Published Date : 10/09/2025
One of science’s quiet strengths is its ability to chart the boundaries of the knowable. The laws of thermodynamics reveal entropy’s inevitability. Einstein showed that nothing outruns light. Quantum mechanics gave us the uncertainty principle; chaos and complexity theory uncovered inherent unpredictability; mathematical logic proved that some truths can never be decided. Good science doesn’t just tell us what we can do — it tells us where we must stop.
AI belongs in this lineage of limits. Its successes depend on narrowing the problem: making it specific, discarding most possibilities, sealing it inside a representation and a specification. Deep Blue mastered chess, AlphaGo conquered Go, and LLMs like GPT-4 and GPT-5 dazzle with conversation — yet all are automation by definition: mechanical simulations of tasks that once required human intelligence. In LLMs, the representation is tokens; the specification is the transformer’s attention-and-prediction loop. However wide the surface domain is, the machinery is fixed.
Here’s the rub: asking how to make these systems “general” is asking how to remove the very constraints that made them work in the first place. That’s the futurist’s dilemma. Futurists point to Narrow AI triumphs as if they foreshadow AGI, but those triumphs — from chess engines to self-driving cars to LLMs — are demonstrations of boundaries, not breakthroughs toward mind.
Seen this way, all usable AI today is a form of engineered reduction: problems stripped down to what a machine can represent and compute. And the real question for AGI isn’t how much bigger we can make those reductions, but whether there are domains of intelligence that resist reduction altogether.
This, in the end, is why AI is still automation — and why the dream of machines that think like us remains just that: a dream. The real question we face isn’t whether AI will “wake up,” but how much of our human world we’re willing to hand over to machines.
The journey of AI has been marked by significant milestones, but each step forward often reveals new limitations. In 2016, I wrote about the idea that AI was still just automation, and this remains true today. The projected but impossible AI future often envisions a world where organic life forms, or “Orga,” coexist with mechanical life forms, or “Mecha,” that will improve and take over. However, this vision remains speculative.
Wide AI, while still just automation, represents a genuine advance. Truly general intelligence remains a mystery, and perhaps even more so than it was in 2016. Even when we achieve a quantum leap forward, it often signals that it too is a dead end for the bolder ambitions of true AGI. The quest continues, but the path is fraught with challenges and unknowns.
Q: What is the main argument of the article?
A: The main argument is that AI, despite its advancements, is still fundamentally automation. It operates within specific, predefined boundaries and is not capable of true general intelligence.
Q: How does the article define 'Narrow AI'?
A: Narrow AI refers to AI systems that are designed to perform specific tasks, such as playing chess or generating text, within a fixed set of parameters and constraints.
Q: What is the difference between Narrow AI and AGI?
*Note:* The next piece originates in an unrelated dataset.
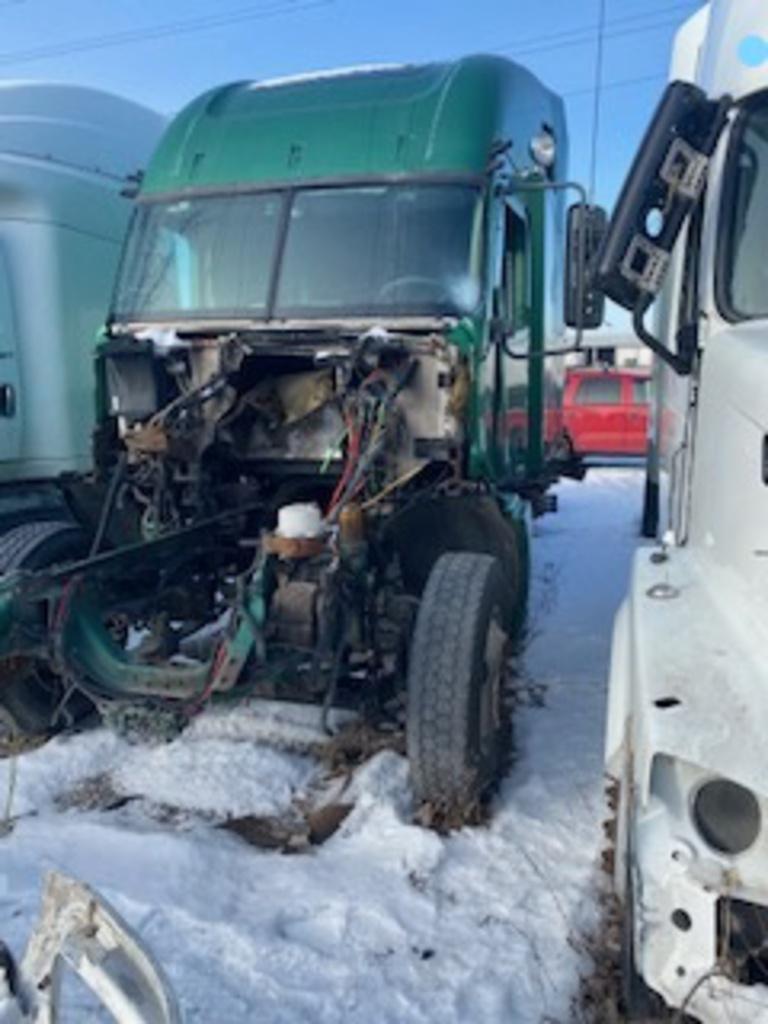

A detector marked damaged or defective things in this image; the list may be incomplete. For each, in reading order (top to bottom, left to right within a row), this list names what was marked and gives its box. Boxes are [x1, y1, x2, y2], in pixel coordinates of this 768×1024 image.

damaged green truck [0, 62, 604, 816]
A: Narrow AI is specialized for specific tasks, while AGI (Artificial General Intelligence) aims to possess the broad, flexible intelligence that humans have, capable of understanding and learning any intellectual task.
Q: Why is achieving AGI considered a significant challenge?
A: Achieving AGI is challenging because it requires creating a system that can understand and adapt to a wide range of tasks and environments, something that current AI systems, which rely on specific constraints, cannot do.
Q: What does the article suggest about the future of AI?
A: The article suggests that while AI will continue to advance and become more sophisticated, the dream of machines that think like humans remains a distant and uncertain goal.